<小言航兵衛>

海綿脳の経営者

 

 一昨日の内閣改造で武部農相が交代した。BSE問題の責任を取らされたような格好だが、大元は昨年春の就任以前、欧州でBSEが広がっているにもかかわらず、牛骨粉などの飼料輸入について何の対策も取らなかった農水省の担当幹部が元凶である。

 結局は、いつものように大臣が追われて、厄人だけが残った。残った連中は、これで一件落着とばかりに胸をなで下ろしているのならまだ可愛気があるが、陰に回って高笑いをしているのではないのか。

 

 このBSE騒ぎによって、農水省が在庫肉の買い上げなどという制度をつくったために、食品企業の中には輸入肉の箱を入れ替えたり、ラベルを貼り替えて国産といつわる詐欺までやらかすところが現れた。これで解散に追い込まれた会社もあるが、まことに罪つくりな制度である。 

 同じようなことが、次は小売り業界に広がった。店頭に並べる肉の産地を偽り、日付を偽り、品種を偽るなどの悪事が次々と露見するようになった。これらのスーパーは、かつて肉でも乳製品でも、不祥事が発覚した企業の製品を売場の棚から次々と撤去して、自ら正義の味方を演じて見せた。

 撤去された製品をもう一度売場の棚に戻して貰うために、食品メーカーのセールスマンはもとより、トップ以下の全員が小売店に日参し、頭を下げて歩いたのではないだろうか。しかし何のことはない、それらの頼みをふんぞり返って聞いていた小売り店もまた、陰に回って同じような詐欺をやっていたのである。

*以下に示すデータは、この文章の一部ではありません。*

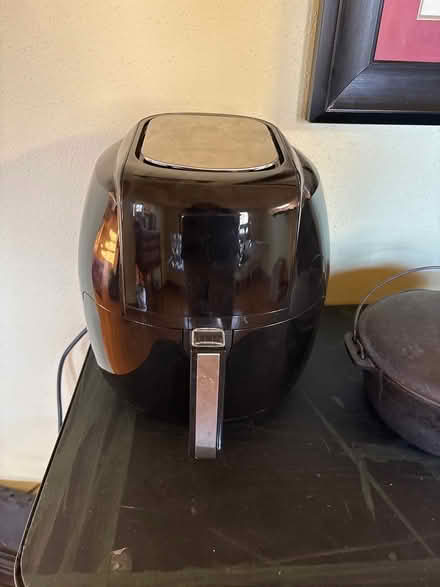 Photo of free Large air fryer (McKennan Park) #1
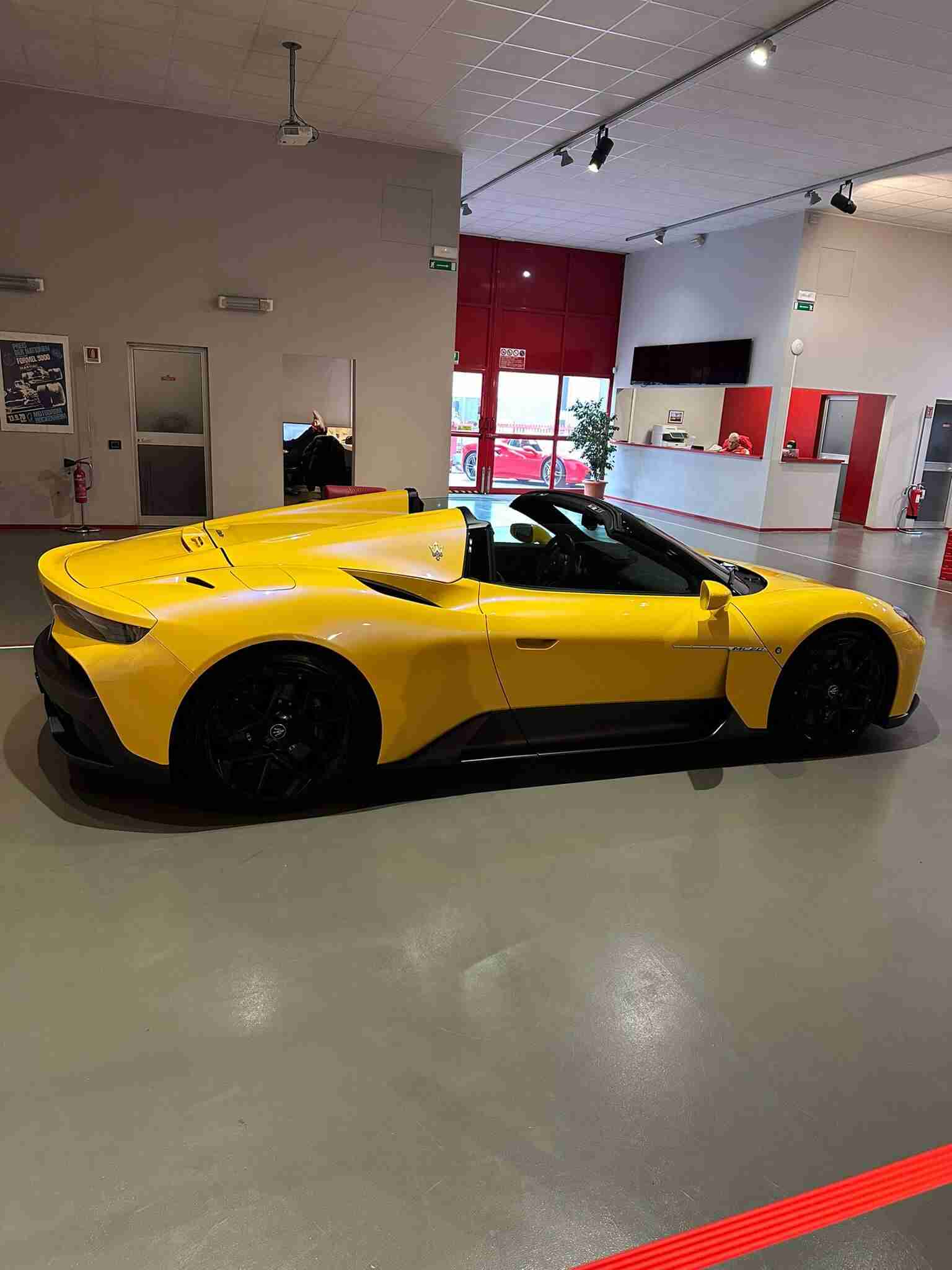 Test Drive Maserati MC20 Cielo 4 Test Drive Maserati MC20 Cielo - Image 4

 先おとといの北海道西友の返金騒ぎも、あいた口がふさがらない。よくまあ、ああいう愚鈍なことを思いつくものかと思うが、農水省が在庫肉を買い取る制度をつくったのと同様で、偽装肉を買った人にはレシ−トなどの証拠がなくても返金するといえば、善人をも悪人に変えてしまう罪つくりの結果になるのは当然のことである。

 しかも、元来は自らの罪滅ぼしのつもりだから、ふだんスーパーで買い物などしたこともないような連中に返金を要求されても反論できない。とうとう売上高の4倍もの金をふんだくられ、ばらまいてしまった。

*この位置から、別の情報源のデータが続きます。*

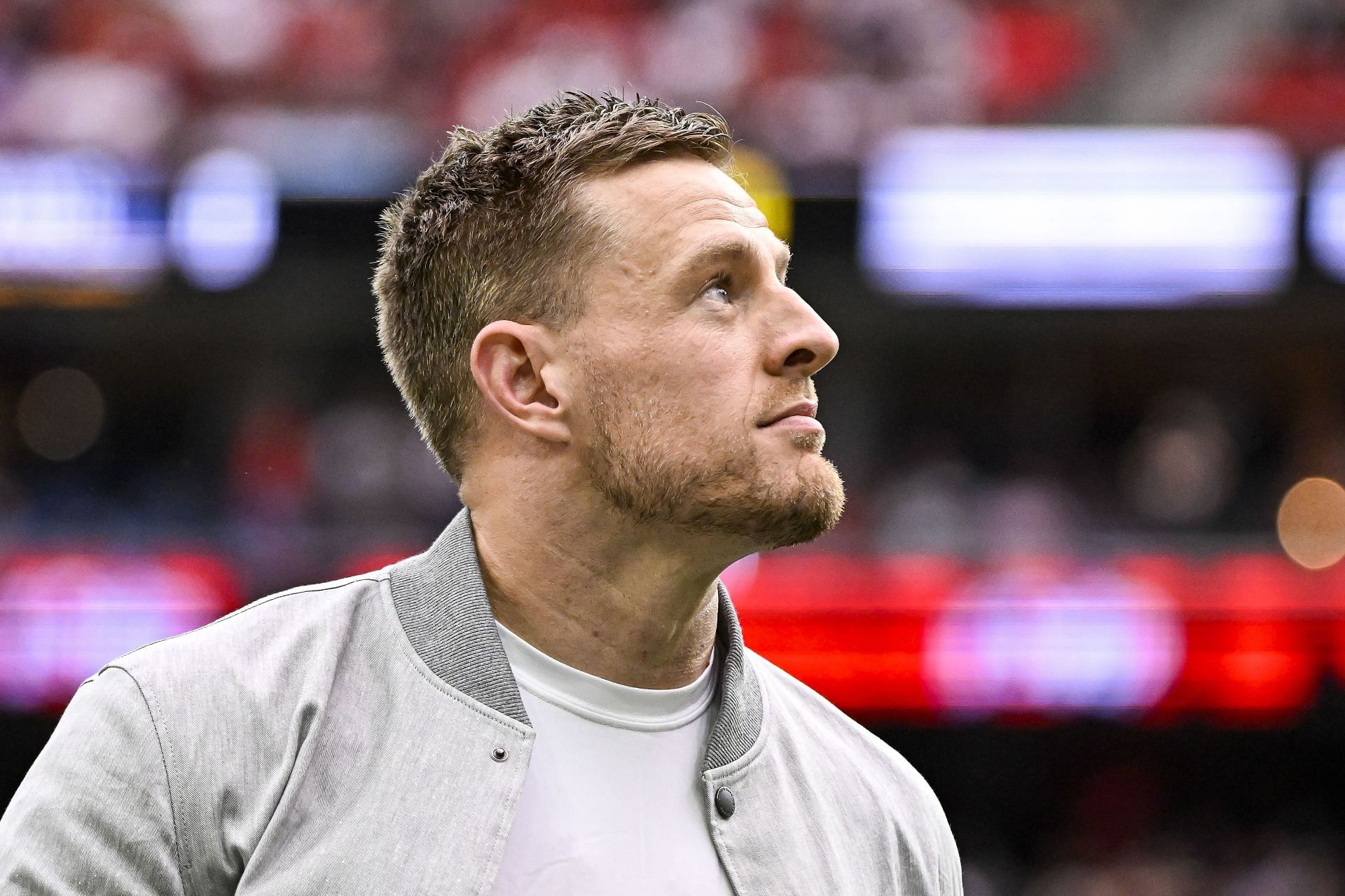 JJ Watt Claps Back At Patriots' Jerod Mayo For Calling His Team "soft"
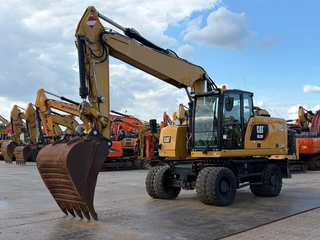 Caterpillar M320F 2017 image 2 thumbnail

 発端がBSE(牛海棉状脳症)だけに、あの会社の幹部連中も海綿みたいな頭になっているのであろう。

 海綿脳で考えるものだから金さえ返せばいいだろうという頓馬な結論になってしまう。むかし北海道にムネオ何某とかいう金の亡者みたいな代議士がいたが、同じ風土なのかもしれない。

 賄賂を貰って口をぬぐっていながら、発覚しそうになるとその金を返す。議会で「あれは1年間あずかっていましたが、先月お返ししました。法律に違反するようなことは何もしておりません」などとまくし立てるのをのを聞いたが、今や金を返せばすむという考えは代議士から小売店にまで及んでいたのである。

 それならそれで、途中で返金をやめるのではなく、何億円になろうと最後まで頑張るべきだった。これで手つかずの金がそこら中にゆき渡れば、北海道の経済もいくらかうるおって、立ち直りのきっかけくらいにはなったかもしれない。

 返金より前に法律があり、法律より前に倫理がある。普段は企業倫理などとぬかしながら、あれは口先だけのカラ念仏であった。

 

 航兵衛も西友株主のささやかな1人だが、もはや長いこと配当を受けたことはない。これだけの不景気ではやむを得ないことだし、別に貰おうとも思わないが、詐欺を働いた上に金をばらまくなどという愚行で損失を増やすようなことがあれば、次の株主総会で問題となるであろう。海綿脳の経営者も退陣を迫られるに違いない。